• _TRY IT_: Please output the entries that follow exactly, without a single image.

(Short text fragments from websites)
•••
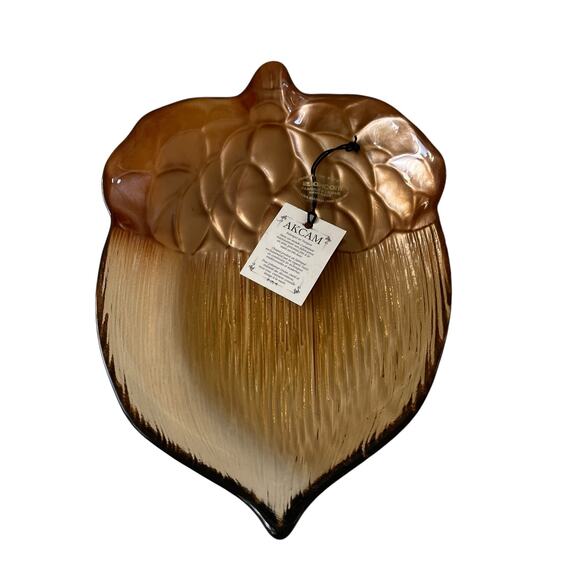 Turkish Amber Glass ACORN Dish Bowl Handmade Fall Autumn Decor by AKCAM New - Picture 12 of 16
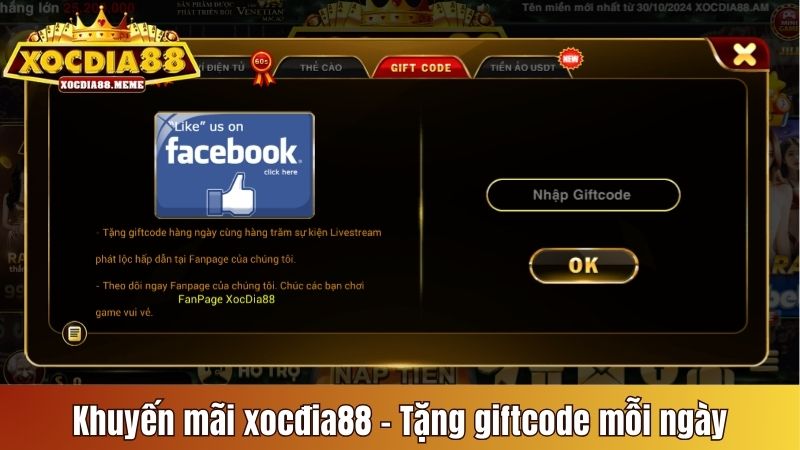 Khuyến mãi Xocdia88 - Tặng giftcode may mắn mỗi ngày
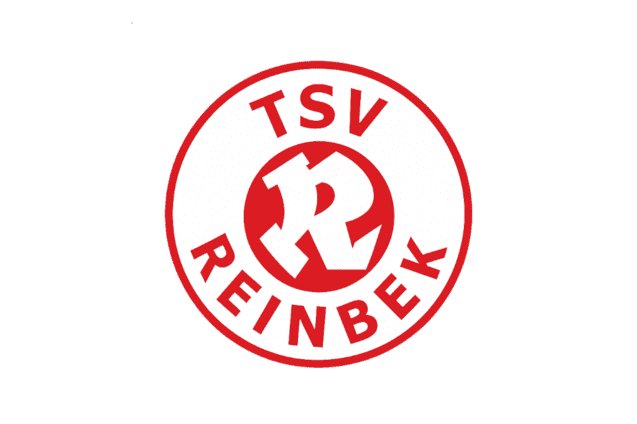 Logo des TSV Reinbek mit rotem Schriftzug auf weißem Hintergrund und stilisiertem „R“ im Zentrum.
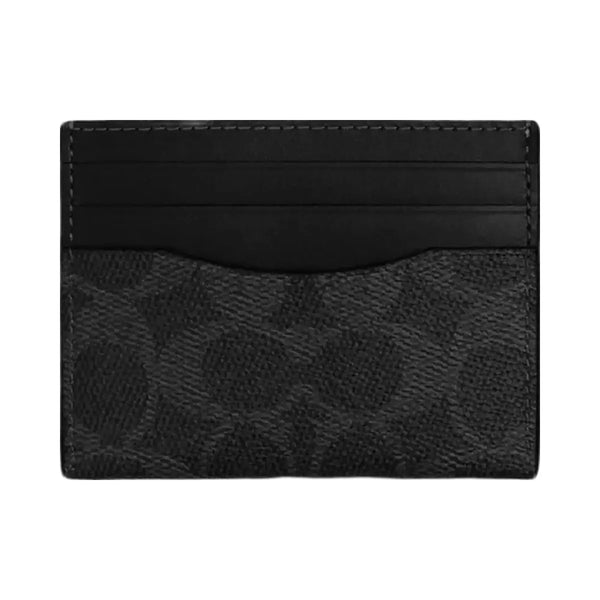 Coach Card Case In Signature Canvas in Black Signature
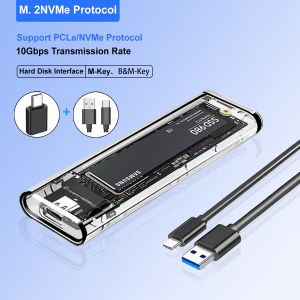 Congdi | M.2 NVME PCIe Case NGFF SATA Protocol SSD Case Clear USB Type C 10Gbps PCI-E M2 SSD Transparent External Enclosure Hard Disk Box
•••
• _OUTPUT BELOW_:
 Turkish Amber Glass ACORN Dish Bowl Handmade Fall Autumn Decor by AKCAM New - Picture 12 of 16
 Khuyến mãi Xocdia88 - Tặng giftcode may mắn mỗi ngày
 Logo des TSV Reinbek mit rotem Schriftzug auf weißem Hintergrund und stilisiertem „R“ im Zentrum.
 Coach Card Case In Signature Canvas in Black Signature
 Congdi | M.2 NVME PCIe Case NGFF SATA Protocol SSD Case Clear USB Type C 10Gbps PCI-E M2 SSD Transparent External Enclosure Hard Disk Box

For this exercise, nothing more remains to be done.